KANSAS CITY, Mo. — Police statistics show there have been 103 homicides this year alone. That trails just 2020 for the deadliest year on record, as of August 17.

It’s part of the reason the Violence Interruption Subcommittee had a meeting at the Klice Center Wednesday near 18th Street and Vine Street.

“The Violence Interruption Subcommittee is aimed to do exactly what the name states,” Mayor Quinton Lucas’ Deputy Chief of Staff Melesa Johnson said Wednesday.

Johnson said crime prevention will take a lot of time.

“What we’re doing today is really trying to interrupt the current violence that’s taking place, not by arresting, not by additional charges, but by social services and providing the help that people need the most.”

Johnson said NOVA, or the Kansas City No Violence Alliance helped drop homicides under 100. KCMO had just 76 in 2014. That group though is no longer meeting.

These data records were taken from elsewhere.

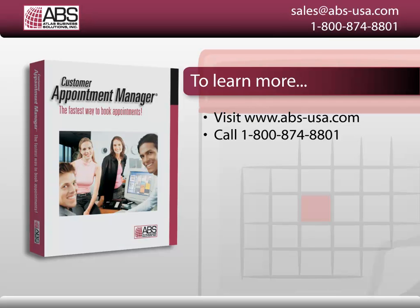For more information, go to abs-usa.com or call 1-800-874-8801.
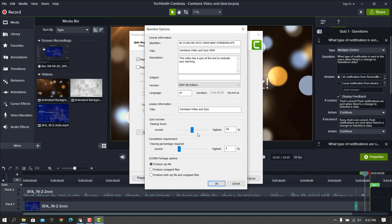Down here you can set a cut score for your quiz. I only have two questions, so I'm going to say 50% so you only need to get one question correct. If you wanted them to get both correct in order to pass, you can set this to 100%, but I'm not going to be that strict — I'll set mine back down to 50%. Down here is the completion requirement for watching the video. If you want them to watch the entire video, set this to 100%, or if watching the video is basically optional, you can set that to 0%. I'll set mine very low.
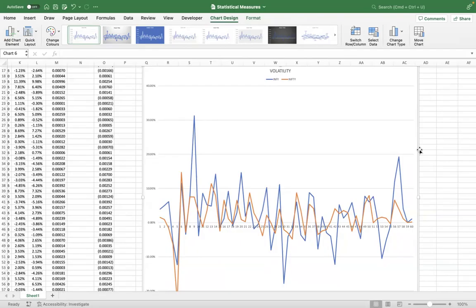So just a quick recap: we calculated mean, variance, standard deviation, covariance, and correlation — both using statistical formulas as well as Excel functions. And then we also displayed the volatility on a graph. Is it clear? Good. Thank you.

Jackson County Prosecutor Jean Peters Baker’s office is also a part of this new group and talked about NOVA Wednesday.

“It’s not exactly like it,” Baker’s Communications Director Mike Mansur said of the new group Wednesday. “It’s a similar concept where you use a collaboration or a partnership of law enforcement and community to work together to identify people who will help or change whatever they might be headed towards to something better.”

Johnson said the difference between the subcommittee and NOVA is that there’s more community input in this subcommittee than there was in NOVA. NOVA, she said, usually just involved the mayor, chief of police, and the Jackson County Prosecutor’s Office.